DIRECTIONS: Below are some records. Return exactly the lines from the one containing "Animated Easter-themed buddy" through the one containing "2Pcs/Set Luxury Full", both included, and only those.

************

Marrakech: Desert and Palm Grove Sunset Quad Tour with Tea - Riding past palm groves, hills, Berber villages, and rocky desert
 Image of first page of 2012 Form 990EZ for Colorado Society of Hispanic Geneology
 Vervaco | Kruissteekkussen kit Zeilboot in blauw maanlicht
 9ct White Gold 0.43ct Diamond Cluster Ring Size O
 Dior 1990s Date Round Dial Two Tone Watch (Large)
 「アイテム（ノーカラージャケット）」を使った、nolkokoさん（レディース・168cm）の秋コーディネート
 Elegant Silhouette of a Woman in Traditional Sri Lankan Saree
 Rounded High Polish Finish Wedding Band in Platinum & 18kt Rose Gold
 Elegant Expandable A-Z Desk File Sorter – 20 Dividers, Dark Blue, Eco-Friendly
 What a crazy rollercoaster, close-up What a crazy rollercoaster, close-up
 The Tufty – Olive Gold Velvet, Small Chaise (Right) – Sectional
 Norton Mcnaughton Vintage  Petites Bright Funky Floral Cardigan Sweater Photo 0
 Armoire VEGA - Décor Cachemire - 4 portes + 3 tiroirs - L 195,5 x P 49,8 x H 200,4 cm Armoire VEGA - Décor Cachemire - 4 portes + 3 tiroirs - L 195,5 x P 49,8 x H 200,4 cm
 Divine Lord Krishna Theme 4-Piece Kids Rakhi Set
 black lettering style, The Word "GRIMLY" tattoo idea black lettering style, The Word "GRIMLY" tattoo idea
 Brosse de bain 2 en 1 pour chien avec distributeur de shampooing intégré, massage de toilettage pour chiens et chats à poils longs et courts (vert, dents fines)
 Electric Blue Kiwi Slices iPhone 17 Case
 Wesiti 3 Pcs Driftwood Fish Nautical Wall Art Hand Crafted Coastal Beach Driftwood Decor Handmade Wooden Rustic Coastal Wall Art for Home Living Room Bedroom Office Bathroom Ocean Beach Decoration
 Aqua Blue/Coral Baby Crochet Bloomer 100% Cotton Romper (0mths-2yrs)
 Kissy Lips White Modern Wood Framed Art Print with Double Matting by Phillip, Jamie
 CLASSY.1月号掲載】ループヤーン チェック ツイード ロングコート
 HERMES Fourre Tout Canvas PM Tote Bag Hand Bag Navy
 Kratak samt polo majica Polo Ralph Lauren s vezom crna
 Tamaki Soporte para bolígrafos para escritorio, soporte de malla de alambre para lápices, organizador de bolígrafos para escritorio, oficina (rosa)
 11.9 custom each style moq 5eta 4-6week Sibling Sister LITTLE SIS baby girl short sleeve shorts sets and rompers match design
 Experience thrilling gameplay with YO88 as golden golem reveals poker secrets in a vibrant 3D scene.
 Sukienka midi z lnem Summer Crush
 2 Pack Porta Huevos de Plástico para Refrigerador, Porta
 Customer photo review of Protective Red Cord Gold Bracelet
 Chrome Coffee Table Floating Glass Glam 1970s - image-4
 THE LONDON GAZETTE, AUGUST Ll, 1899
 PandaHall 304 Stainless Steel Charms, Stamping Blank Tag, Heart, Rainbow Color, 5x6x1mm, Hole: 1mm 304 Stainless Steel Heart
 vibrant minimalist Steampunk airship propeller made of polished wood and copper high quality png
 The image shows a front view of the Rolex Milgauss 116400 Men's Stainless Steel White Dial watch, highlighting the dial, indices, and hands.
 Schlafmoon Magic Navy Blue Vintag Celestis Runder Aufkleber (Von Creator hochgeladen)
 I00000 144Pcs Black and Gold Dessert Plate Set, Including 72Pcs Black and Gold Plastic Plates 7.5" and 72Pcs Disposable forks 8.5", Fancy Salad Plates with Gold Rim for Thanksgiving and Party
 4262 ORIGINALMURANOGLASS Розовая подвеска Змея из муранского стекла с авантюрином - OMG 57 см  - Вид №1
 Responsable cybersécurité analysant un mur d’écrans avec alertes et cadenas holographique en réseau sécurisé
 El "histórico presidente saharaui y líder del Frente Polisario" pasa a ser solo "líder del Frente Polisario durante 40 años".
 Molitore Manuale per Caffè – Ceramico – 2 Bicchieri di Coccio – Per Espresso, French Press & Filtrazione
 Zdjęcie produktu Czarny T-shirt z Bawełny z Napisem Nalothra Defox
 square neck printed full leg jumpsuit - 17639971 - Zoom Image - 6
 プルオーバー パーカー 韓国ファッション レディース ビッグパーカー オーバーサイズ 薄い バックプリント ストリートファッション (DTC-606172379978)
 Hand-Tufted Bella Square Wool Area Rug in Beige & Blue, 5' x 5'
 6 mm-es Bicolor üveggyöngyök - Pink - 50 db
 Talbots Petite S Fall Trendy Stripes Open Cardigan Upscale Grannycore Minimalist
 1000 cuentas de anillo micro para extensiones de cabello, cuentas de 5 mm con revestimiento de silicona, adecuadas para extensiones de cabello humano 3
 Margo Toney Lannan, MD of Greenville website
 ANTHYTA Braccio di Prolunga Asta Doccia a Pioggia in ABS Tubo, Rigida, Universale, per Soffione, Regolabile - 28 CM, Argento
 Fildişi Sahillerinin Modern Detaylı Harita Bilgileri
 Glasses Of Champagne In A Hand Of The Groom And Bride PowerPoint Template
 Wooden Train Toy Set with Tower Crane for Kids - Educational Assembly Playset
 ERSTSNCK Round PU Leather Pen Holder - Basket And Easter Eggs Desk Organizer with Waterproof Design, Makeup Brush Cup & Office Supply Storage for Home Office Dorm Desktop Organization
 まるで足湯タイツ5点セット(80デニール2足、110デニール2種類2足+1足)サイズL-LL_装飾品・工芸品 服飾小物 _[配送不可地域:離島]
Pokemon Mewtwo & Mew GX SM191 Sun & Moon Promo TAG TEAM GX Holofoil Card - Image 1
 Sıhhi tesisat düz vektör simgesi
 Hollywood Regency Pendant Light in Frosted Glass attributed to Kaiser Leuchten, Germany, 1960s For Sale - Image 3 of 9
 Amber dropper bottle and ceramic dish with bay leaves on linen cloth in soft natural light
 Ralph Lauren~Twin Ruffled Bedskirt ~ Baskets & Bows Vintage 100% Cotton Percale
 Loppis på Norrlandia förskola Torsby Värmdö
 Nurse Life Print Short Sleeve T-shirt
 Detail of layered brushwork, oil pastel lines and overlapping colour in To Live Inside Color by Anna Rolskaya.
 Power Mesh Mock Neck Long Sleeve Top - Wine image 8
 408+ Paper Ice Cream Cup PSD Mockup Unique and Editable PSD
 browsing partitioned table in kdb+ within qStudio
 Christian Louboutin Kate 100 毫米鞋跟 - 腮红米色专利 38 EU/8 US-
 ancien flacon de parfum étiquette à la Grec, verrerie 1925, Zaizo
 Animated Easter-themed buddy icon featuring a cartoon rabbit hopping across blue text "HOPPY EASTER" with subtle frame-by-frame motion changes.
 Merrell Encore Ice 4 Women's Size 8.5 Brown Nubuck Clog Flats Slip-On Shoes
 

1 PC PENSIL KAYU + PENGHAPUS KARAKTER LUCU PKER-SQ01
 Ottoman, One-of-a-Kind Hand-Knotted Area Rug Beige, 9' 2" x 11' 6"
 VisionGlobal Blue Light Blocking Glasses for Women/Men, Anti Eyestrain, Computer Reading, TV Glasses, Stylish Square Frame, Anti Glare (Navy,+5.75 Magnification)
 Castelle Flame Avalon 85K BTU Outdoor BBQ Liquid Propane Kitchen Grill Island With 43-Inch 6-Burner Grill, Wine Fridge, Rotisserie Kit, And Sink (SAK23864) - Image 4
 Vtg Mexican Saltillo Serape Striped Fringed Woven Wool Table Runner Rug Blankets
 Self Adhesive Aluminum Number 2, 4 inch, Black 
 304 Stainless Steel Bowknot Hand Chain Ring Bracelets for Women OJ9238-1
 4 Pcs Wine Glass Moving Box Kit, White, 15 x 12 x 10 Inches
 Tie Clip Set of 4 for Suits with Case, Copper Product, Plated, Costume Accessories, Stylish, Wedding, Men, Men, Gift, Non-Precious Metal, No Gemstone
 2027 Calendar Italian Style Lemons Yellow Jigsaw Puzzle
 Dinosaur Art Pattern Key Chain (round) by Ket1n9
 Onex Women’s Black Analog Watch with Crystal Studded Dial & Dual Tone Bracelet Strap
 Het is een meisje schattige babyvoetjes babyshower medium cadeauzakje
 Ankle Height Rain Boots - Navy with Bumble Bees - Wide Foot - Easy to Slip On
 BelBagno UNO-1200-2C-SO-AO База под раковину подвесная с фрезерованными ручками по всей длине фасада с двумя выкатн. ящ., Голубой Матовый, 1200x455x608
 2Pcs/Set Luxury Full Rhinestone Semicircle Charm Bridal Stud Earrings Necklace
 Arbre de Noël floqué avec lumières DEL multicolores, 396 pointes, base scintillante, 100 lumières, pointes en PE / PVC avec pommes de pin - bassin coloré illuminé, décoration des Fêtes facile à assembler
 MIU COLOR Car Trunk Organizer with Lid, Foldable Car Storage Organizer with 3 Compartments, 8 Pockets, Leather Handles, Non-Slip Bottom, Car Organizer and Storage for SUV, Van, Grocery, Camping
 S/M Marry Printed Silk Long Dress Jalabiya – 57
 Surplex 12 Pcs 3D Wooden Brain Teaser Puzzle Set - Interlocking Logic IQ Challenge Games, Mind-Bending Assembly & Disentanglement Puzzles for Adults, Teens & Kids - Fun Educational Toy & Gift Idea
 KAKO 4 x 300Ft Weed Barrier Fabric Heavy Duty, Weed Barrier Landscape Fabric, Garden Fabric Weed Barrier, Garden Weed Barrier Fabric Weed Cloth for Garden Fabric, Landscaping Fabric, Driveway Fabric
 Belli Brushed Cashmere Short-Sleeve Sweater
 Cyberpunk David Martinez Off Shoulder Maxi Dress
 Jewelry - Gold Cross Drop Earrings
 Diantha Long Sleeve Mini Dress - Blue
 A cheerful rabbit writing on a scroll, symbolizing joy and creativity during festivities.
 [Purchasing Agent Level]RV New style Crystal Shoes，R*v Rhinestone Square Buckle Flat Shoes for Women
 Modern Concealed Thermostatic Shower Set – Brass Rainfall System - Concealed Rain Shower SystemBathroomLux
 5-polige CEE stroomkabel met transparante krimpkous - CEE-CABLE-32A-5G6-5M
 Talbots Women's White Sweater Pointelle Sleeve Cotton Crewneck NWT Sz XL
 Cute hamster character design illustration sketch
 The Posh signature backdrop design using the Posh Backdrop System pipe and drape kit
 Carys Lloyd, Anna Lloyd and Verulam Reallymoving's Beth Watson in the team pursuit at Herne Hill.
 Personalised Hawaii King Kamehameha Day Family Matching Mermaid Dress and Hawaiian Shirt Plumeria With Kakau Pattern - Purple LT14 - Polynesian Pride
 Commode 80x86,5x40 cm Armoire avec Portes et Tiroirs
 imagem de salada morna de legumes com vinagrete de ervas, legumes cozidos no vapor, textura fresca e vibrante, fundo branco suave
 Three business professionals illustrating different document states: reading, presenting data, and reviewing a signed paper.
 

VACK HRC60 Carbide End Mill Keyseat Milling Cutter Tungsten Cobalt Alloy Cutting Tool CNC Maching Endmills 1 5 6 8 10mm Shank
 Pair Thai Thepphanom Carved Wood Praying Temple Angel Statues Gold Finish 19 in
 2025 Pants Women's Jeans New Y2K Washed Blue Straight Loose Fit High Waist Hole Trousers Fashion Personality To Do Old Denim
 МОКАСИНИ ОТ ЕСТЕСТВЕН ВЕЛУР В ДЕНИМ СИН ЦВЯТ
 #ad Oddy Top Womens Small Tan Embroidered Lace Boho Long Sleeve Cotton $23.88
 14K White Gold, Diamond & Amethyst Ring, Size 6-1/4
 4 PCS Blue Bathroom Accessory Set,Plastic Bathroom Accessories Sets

************

RESULT FOR THIS EXERCISE:
 Animated Easter-themed buddy icon featuring a cartoon rabbit hopping across blue text "HOPPY EASTER" with subtle frame-by-frame motion changes.
 Merrell Encore Ice 4 Women's Size 8.5 Brown Nubuck Clog Flats Slip-On Shoes
 

1 PC PENSIL KAYU + PENGHAPUS KARAKTER LUCU PKER-SQ01
 Ottoman, One-of-a-Kind Hand-Knotted Area Rug Beige, 9' 2" x 11' 6"
 VisionGlobal Blue Light Blocking Glasses for Women/Men, Anti Eyestrain, Computer Reading, TV Glasses, Stylish Square Frame, Anti Glare (Navy,+5.75 Magnification)
 Castelle Flame Avalon 85K BTU Outdoor BBQ Liquid Propane Kitchen Grill Island With 43-Inch 6-Burner Grill, Wine Fridge, Rotisserie Kit, And Sink (SAK23864) - Image 4
 Vtg Mexican Saltillo Serape Striped Fringed Woven Wool Table Runner Rug Blankets
 Self Adhesive Aluminum Number 2, 4 inch, Black 
 304 Stainless Steel Bowknot Hand Chain Ring Bracelets for Women OJ9238-1
 4 Pcs Wine Glass Moving Box Kit, White, 15 x 12 x 10 Inches
 Tie Clip Set of 4 for Suits with Case, Copper Product, Plated, Costume Accessories, Stylish, Wedding, Men, Men, Gift, Non-Precious Metal, No Gemstone
 2027 Calendar Italian Style Lemons Yellow Jigsaw Puzzle
 Dinosaur Art Pattern Key Chain (round) by Ket1n9
 Onex Women’s Black Analog Watch with Crystal Studded Dial & Dual Tone Bracelet Strap
 Het is een meisje schattige babyvoetjes babyshower medium cadeauzakje
 Ankle Height Rain Boots - Navy with Bumble Bees - Wide Foot - Easy to Slip On
 BelBagno UNO-1200-2C-SO-AO База под раковину подвесная с фрезерованными ручками по всей длине фасада с двумя выкатн. ящ., Голубой Матовый, 1200x455x608
 2Pcs/Set Luxury Full Rhinestone Semicircle Charm Bridal Stud Earrings Necklace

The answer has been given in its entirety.